Clean Air Day 2023: The joy of an Edinburgh cycle commute
Andrew Arnott, Climate and Sustainability Analyst at the University of Edinburgh, reflects on the simple pleasures a bike to work and back can bring.
Why ride a bike?
Ask a child why they ride bikes, and they’ll tell you it’s because “it’s fun!”.
They won’t say boring, practical things like how it’s the fastest way to get around the city, nor that it’s great for physical and mental health. They won’t even mention the positive impacts on climate change, and they care little for the inflation-busting, cost-of-living-crisis-compatible low running costs.
The kids are right! Used in the right way, the humble bicycle is a bringer of joy and slayer of negativity.
My cycle to work
I wouldn’t change a thing about my cycle to work.
The smooth hum of wheels on tarmac. The satisfying click-clunk of a smooth change of gears, before the magic of sprocket ratios at the back wheel converts the small amount of energy put out by your legs into seemingly ridiculous amounts of speed. The buffeting of wind on your face as you zoom down a hill, almost feeling like flying, your eyes scanning the ground far ahead for the best line.
That stretch of road, just outside Dalmeny where in winter the sun rises behind Arthur’s Seat as you cycle in in the morning, and in summer you look out through gaps in the dense tree foliage, across ripening fields to the iconic bridges of the Forth.
The primitive pleasures of watching the seasons arrive, take hold, and then each fade away again in turn as the next season enters into your life – a constant reminder of our journey around the sun and the transformational effects it has on our landscape, all too often missed or ignored from the inside of a motor vehicle or office.
The smell of wild garlic on the city cycle network in spring. The sound of bird song through the summer.

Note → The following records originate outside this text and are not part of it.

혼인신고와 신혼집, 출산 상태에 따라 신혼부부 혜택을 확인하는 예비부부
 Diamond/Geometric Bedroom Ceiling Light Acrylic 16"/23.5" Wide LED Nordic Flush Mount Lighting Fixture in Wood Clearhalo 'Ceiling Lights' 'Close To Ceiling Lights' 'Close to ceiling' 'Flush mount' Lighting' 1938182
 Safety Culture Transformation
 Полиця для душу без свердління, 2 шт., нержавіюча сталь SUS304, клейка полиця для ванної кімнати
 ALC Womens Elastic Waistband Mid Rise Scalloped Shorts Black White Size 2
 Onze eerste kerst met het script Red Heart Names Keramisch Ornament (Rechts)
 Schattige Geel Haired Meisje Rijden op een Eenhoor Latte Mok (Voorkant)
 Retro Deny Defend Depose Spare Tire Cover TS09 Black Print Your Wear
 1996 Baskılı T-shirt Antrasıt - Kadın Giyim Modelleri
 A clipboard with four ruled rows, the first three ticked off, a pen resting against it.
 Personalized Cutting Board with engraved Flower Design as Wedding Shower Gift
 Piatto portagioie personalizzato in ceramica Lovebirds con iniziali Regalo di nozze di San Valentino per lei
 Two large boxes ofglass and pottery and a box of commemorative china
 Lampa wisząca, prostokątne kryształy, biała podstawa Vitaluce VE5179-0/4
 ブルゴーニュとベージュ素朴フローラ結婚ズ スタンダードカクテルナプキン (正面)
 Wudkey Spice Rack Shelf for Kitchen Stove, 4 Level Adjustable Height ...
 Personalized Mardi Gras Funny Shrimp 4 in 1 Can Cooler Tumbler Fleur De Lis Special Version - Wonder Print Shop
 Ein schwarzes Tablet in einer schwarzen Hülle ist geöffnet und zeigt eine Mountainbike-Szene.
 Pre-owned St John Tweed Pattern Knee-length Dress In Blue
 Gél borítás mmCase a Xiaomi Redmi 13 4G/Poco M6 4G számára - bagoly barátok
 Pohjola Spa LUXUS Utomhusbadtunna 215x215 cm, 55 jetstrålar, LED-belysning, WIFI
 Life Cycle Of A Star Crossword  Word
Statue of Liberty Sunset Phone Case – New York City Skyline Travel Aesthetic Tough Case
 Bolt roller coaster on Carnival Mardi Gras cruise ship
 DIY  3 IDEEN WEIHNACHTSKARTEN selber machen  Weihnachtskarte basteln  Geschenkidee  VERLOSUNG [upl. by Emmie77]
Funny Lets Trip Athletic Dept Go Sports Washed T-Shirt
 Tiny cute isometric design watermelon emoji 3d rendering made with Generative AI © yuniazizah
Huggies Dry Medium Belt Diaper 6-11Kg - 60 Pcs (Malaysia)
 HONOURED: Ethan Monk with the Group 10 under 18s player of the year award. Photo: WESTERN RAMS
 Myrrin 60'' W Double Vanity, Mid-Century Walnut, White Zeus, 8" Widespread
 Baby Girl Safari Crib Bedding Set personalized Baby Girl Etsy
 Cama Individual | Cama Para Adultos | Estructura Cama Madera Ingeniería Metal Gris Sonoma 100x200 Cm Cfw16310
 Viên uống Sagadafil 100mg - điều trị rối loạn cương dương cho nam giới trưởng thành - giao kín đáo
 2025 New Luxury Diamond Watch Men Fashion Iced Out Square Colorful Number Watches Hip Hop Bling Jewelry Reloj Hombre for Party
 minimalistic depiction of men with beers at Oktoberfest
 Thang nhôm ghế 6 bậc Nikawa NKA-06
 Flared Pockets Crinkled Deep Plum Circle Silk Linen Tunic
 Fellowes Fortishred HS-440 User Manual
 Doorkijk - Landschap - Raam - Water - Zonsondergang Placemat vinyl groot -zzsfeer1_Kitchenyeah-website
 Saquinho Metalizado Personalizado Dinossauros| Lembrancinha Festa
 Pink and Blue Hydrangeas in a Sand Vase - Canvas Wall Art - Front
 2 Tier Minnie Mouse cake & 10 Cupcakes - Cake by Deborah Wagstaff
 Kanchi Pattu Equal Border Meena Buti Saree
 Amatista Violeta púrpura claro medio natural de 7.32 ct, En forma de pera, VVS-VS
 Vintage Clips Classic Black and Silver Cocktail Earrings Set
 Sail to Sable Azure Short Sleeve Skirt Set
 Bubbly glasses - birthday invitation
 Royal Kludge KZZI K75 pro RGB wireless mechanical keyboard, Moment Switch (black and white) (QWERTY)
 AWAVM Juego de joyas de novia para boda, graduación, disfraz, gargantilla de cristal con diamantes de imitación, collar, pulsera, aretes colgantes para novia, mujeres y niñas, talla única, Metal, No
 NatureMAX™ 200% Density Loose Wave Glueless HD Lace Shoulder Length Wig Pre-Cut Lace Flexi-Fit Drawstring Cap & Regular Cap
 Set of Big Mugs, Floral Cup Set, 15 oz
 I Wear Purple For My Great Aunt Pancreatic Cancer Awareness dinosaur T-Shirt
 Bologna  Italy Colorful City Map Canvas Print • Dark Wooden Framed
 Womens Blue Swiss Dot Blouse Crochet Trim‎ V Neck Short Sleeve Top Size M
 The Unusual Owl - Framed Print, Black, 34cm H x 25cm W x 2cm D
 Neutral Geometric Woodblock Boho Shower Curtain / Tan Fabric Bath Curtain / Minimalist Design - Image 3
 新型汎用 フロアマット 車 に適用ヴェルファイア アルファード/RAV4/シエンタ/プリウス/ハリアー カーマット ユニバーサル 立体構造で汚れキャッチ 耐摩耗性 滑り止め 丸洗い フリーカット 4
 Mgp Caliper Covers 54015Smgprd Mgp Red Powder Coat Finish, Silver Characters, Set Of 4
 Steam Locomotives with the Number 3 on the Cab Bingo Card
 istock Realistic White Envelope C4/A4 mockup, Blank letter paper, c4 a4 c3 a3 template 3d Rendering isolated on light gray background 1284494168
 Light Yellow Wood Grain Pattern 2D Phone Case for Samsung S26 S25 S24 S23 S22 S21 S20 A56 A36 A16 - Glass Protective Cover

The rush of autumn wind in the thinning autumnal trees. And the epic silence of a calm, frosty morning in winter. The simplicity of “I get the news I need from the weather report”, as Simon and Garfunkel said. What’s the wind doing? Will it rain? Was there frost overnight? It’s a privilege to have these as influences in our lives as year-round cycle commuters.
The privilege of cycling
It’s a privilege to be able-bodied enough to ride a bike. The exclusivity of that privilege is reducing, however, with more and more bikes and trikes aimed at those with reduced mobility. Long may this trend continue.
It is a privilege to ride a bike for my commute. Even when pulling on layers of warm and waterproof clothes to head out into the storm, I find the exhilaration of facing whatever the weather throws at me more appealing than a dry yet traffic-filled drive to work.
I’ll take the wind and the rain, (when it occasionally comes), the sun and the dark, the sights and smells, the puffing and panting, the warm glow when you get into the office, the joy of gently tired legs when you get home. I’ll take that any day.